Author: Alan Scott Rau*
Published: April 2009
Description: The law of discovery has been invested at times with unnecessary mystery. There are few fields where considerations of practical convenience should play a larger role. All things are lawful; but not all things are expedient. All things are lawful; but not all things edify.
In all our discussions of the fact-finding process in arbitration, one common theme is inevitably the extent to which arbitral discretion can be deployed in the service of extracting necessary evidence from a recalcitrant party.

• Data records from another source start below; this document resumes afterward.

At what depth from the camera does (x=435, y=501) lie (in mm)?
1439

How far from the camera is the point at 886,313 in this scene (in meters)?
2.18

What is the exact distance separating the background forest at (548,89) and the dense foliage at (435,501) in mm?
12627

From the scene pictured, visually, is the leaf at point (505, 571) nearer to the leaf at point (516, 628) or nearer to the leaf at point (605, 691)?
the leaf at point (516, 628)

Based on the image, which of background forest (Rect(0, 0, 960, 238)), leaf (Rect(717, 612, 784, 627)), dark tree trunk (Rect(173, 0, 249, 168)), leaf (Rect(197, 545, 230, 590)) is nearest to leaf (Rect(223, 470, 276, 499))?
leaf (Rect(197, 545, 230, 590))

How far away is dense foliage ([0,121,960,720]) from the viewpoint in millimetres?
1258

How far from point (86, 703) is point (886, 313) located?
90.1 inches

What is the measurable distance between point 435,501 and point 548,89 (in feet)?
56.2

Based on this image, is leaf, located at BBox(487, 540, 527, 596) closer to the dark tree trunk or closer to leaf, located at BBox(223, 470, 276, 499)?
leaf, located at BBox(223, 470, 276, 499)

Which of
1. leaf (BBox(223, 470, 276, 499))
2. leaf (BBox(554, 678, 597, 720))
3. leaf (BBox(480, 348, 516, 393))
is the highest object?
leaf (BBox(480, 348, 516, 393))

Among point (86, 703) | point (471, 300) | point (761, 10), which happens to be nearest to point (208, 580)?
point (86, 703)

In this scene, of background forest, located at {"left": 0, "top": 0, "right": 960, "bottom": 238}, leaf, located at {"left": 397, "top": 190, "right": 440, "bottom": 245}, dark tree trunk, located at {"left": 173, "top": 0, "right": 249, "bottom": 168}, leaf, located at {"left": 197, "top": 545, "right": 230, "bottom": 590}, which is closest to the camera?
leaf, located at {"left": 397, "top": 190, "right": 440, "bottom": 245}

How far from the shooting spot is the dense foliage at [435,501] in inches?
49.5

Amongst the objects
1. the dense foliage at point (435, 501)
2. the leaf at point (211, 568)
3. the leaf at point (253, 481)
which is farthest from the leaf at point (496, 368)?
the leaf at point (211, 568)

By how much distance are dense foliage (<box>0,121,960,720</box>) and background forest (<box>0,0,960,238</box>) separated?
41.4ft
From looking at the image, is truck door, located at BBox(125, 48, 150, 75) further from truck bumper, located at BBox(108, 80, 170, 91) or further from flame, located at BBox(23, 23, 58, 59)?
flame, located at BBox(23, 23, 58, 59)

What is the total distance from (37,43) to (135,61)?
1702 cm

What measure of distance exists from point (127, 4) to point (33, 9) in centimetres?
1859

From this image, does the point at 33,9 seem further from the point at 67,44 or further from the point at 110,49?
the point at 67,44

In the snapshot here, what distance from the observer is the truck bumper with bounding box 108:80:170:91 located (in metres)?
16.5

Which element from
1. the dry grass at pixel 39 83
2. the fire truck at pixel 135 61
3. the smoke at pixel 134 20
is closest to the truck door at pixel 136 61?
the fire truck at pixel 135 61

Even here, it has been noted, the ability of arbitrators to ensure exchanges of information is uncertain, the tribunal’s power of enforcement being quite “limited” in circumstances where “one of the parties simply refuses to comply with [its] demands relating to discovery.” But where information is in the hands of a nonsignatory — or more properly, someone who is not himself a party to the arbitration proceeding — the problem is much exacerbated. In the United States in particular, one would naturally assume that the exercise of arbitral power with respect to “third parties” would be particularly suspect:
After all, in no other state have the courts so uniformly taken to heart, so wholeheartedly embraced, the notion that the arbitration process should be understood above all as an exercise in private autonomy — understood, that is, “through the lenses of contract rather than of adjudication.” Nowhere else has the resolution of any concrete issue arising in arbitration been so dominated by the assumption that “our only serious inquiry ought to be one into the understanding and underlying assumptions of the contracting parties themselves.” (This is a theme I have sounded again and again (and again) in earlier writing.)
*Burg Family Professor of Law, University of Texas at Austin School of Law.